Historical Noir by Barry Forshaw, No Exit, 220pp, £9.99
As we rush headlong into an uncertain future that seems at once both disorientating and lacking a moral centre, writers are increasingly looking back and setting their novels in an earlier time; a place where mobile phones don’t buzz and the truth is still something worth fighting for.
Umberto Eco’s The Name of the Rose came out in 1980 and catapulted historical crime into a new renaissance. I still remember that eerie feeling of transportation as I turned the pages and was hurled back into the day-to-day life of a medieval monastery. Eco cleverly used a crime fiction structure to frame debates about God and nature while utilising Thomistic logic as an investigative tool.
The Name of the Rose looked back at the same time as looking forward. It used a Christian worldview to probe a post-modern world stripped of logic and grand narrative. Forshaw focuses on this tension between past and present in his survey of the varieties of historical crime fiction.

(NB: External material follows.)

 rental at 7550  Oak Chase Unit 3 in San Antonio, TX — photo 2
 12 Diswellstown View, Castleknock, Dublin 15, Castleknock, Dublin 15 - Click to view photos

He is the perfect guide, effortlessly taking us across time and space, his capsule reviews almost always whetting the appetite for another plunge into the past. Quoting Hamlet, Forshaw posits that historical crime holds up a (distorted) mirror to nature, showing us the past through the sensibility of the present.
He goes on to argue that this double frame allows writers to stand back from current events while at the same time interrogating history as a means to understanding the present.
Historical fiction, as Forshaw asserts, reminds us of how little we, as human beings, have changed. You can read even the most ancient texts and recognise the same motivations, jealousies and bad behaviour that are present in today’s front pages.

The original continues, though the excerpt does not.